In fact, New Britain is ranked 5th in cities in the state that with the highest number of non-taxable properties.

In comparison: Bristol in fiscal year 2014 received $521,930 because it does not have as many non-taxable properties. New Britain meanwhile received $2,095,010.

The two City hospitals, schools, parks, churches and other tax-exempt properties comes to 29.77 percent of the tax base or over $1 billion that can not be taxed.

“New Britain is right up there with the Hartford’s and Bridgeport’s and New Haven’s of the world,” said Konik. “When you have as much state properties as we have – state hospitals, schools and churches and variety of other exempt charitable organizations – it is a big chunk. When I look at a map of properties, as the assessor, I see a whole bunch of holes.”

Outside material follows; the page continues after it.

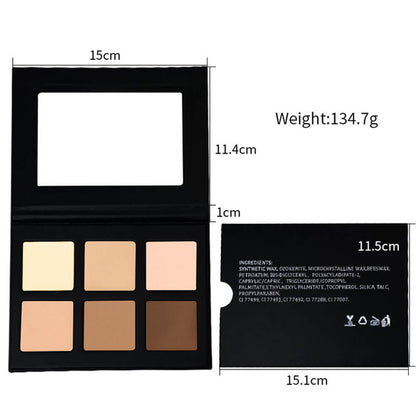 6 color concealer palette full coverage cream bronzer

New Britain’s tax rate is 49 mills. Taxed properties pay that rate. The remaining properties are paid for by the state through payment in lieu of taxes (PILOT) grants. But, the amount New Britain gets can vary.

Of those exempt properties, the City receives a PILOT Grant from the state for state properties and hospital properties.

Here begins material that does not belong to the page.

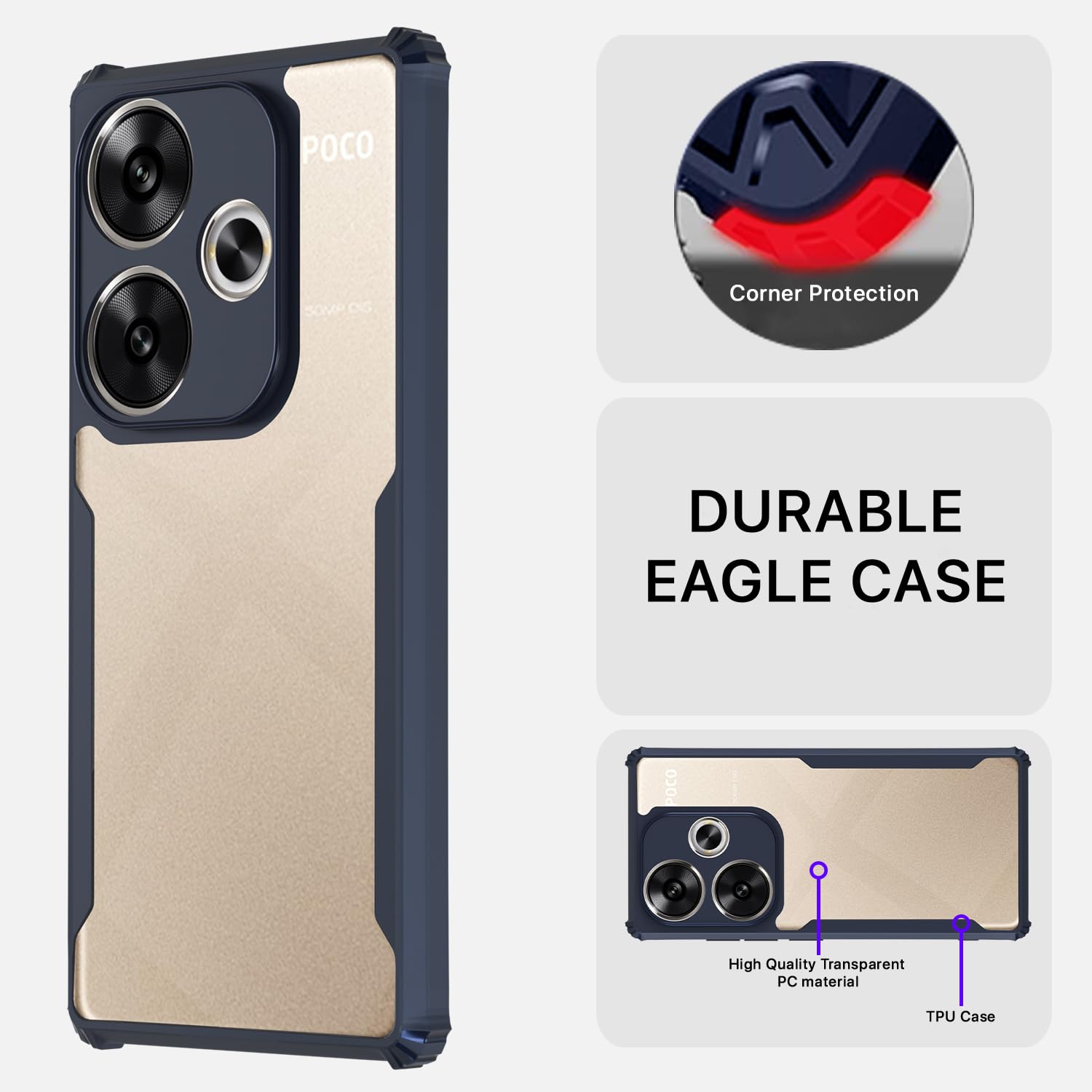 Pikkme blue Clear mobile back cover for Poco F6 5G – photo 5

This year New Britain anticipated it would get $6.8 million. It is getting $6.4 million. The difference is then made up by City taxes next year.

According to the law, the state PILOT grant gives towns 45 percent of the amount of taxes on State properties they would normally get. But that payment can be as low as 20 percent if the state does not have the money to pay for up to 45 percent. Based on the adopted amount, the State this year will pay New Britain only 21 percent.

That means New Britain should have received $7.9 million, but instead get $3.7 million.

For hospitals, it is 77 percent of what normal taxes would be on other property. The State paid 28 percent. The City would have received $7.4 million based on the formula at 77 percent, but New Britain got $2.8 million on those properties.

The true tax amount the City would get if those properties were taxable would be over $26 million. It leaves New Britain about $20 million short.

“It is unfortunate that the city is so reliant on state funding. It is even more worrisome that the PILOT program that’s in place to make up the difference of the revenue lost to tax exempt properties is being adhered to only at the bare bones minimum as set by state law,” said Mayor Erin Stewart. “This leaves us without millions and millions of dollars in money that would otherwise lessen the burden for local taxpayers.”

“The majority of (State property) is CCSU, the courthouse, the Department of Public Utility Control on Franklin Square and land from around the highway taking and the Busway,” said Konik. “We won’t be paid for the Busway until next year.”

There are also 99 church properties and more private buildings where churches are located that do not pay proper taxes.

Each year the rates change. This year the new cancer center added more to the state tax property.

“While many of these organizations, like churches and social service agencies play vital roles in our community, the vast number of them pales in comparison to other towns in the state,” added Mayor Stewart.

Starting next year the car taxes will be done similarly as everyone’s car tax will be capped at 32 mills. The State grant program is planned to make up the difference. But it is incomplete and may not pay the entire difference. It will be done on a tier formula.

“One of the things they are looking to do is give more money on the PILOT share to make up for the (car tax) loss,” said Konik. “They are supposed to make up the difference.”

But, some do not believe the Cities will get their fair share.

“Although the state intends to hold cities ‘harmless’ with the implementation of a new motor vehicle tax cap, I remain skeptical about the impact it will have on New Britain due to previous lackluster promises,” said Mayor Stewart.

And if that does happen, that may leave New Britain once again short in funds.